The images may be examined with ds9 or other FITS tools or with various packages common in astronomical research. With DS9 you can look at the output image by using this command:

ds9 output/generic_e_9999_*.fits.gz

Here is what the chip image from the example should look like (zoomed in X4 and in log scale): 

PhoSim Single Star Simulation

If you do have ds9 installed, you can repeat the process above in a single step with:

phosim examples/star -c examples/nobackground --ds9

Then ds9 will pop up when the simulation is complete, which is particularly useful for longer simulations.

PhoSim is a python script that runs a series of c++ codes. The only required input of PhoSim is called an Instance Catalog as the primary command line argument. PhoSim uses this term to describe what is in the sky at a particular time. If the objects are not time variable, then it simply contain information about what is in the sky. PhoSim is capable of trimming the catalog down to remove the objects that are not in the field of view, so its not necessary for the user to worry about the complexity of chip orientations and field rotations. However, for ambitious simulations, catalogs with essentially all objects in the Universe could be quite large so a smaller fraction of the objects that might be in the field of view should sometimes be given to PhoSim. The instance catalog also contains a set of telescope operator commands that specify parameters of the observation. These commands are basically either things that an operator would control (e.g. pointing position) or things that an observer could require (e.g. for the moon to be below the horizon) before the observation is take.

A complete set of documentation of instance catalog can be found at the Instance Catalog page. However, following the tutorials will go through some uses of this, including some novel uses.

The instance catalog for the above single star example looks like:

rightascension 0

declination 0

azimuth 0

altitude 89

vistime 15.0

nsnap 1

moonalt -90.0

object 0 0.0 0.0 20 ../sky/sed_flat.txt 0 0 0 0 0 0 star none none

The first four lines specify the pointing, the vistime specifies the visit time of 15 seconds, the nsnap specifies there is a single exposure, and moonalt at -90.0 puts the moon below the horizon. Finally, the object line specifies a single 20th AB magnitude star at a position of 0,0 with a flat spectral energy distribution (SED). This is a somewhat artificial example. The object's position is exactly placed at the foresight of the telescope. It is also artificial because we have specified the pointing position and the alt/az of the telescope. With a real telescope, one could only specify the alt/az and then the ra/dec would depend on the observing time as well as the latitude/longitude of the telescope. PhoSim can calculate this as well, but PhoSim lets you specify inconsistent parameters if that is desired. In this case, it is useful to do this, because we simply want to have a star in the center of the field and we do not want to do an inverse visibility calculation. Another interesting aspect of this example is that there are very few commands to generate this example.

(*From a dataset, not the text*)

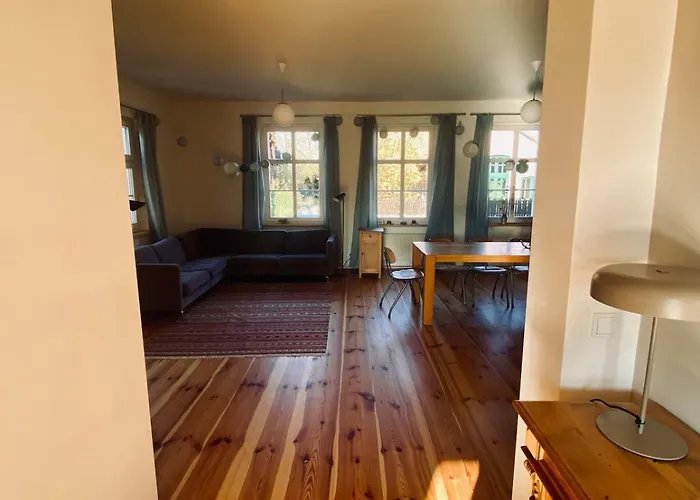 Nyaraló Urlaubsidylle Friedrichswalde Niederdorla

PhoSim's interface philosophy is to always do the most realistic self-consistent physics unlessthe user overrides it. 

We also used another aspect of PhoSim's interface by including a command-line option with the command file -c examples/nobackground. The command file with the -c option includes commands to override the realistic self-consistent default physics. In this case, we wanted to turn off the background (which would be realistic) so the examples/nobackground includes this command.

backgroundmode 0

The full documentation for the command file is found at the physics command page. The phosim script also accepts many other command-line options, such as a command file that contains optics, detector, or atmospheric parameters that may be manipulated. A list of command-line options may be found as follows:

phosim -h

phosim --help

More examples of these are in the later tutorials.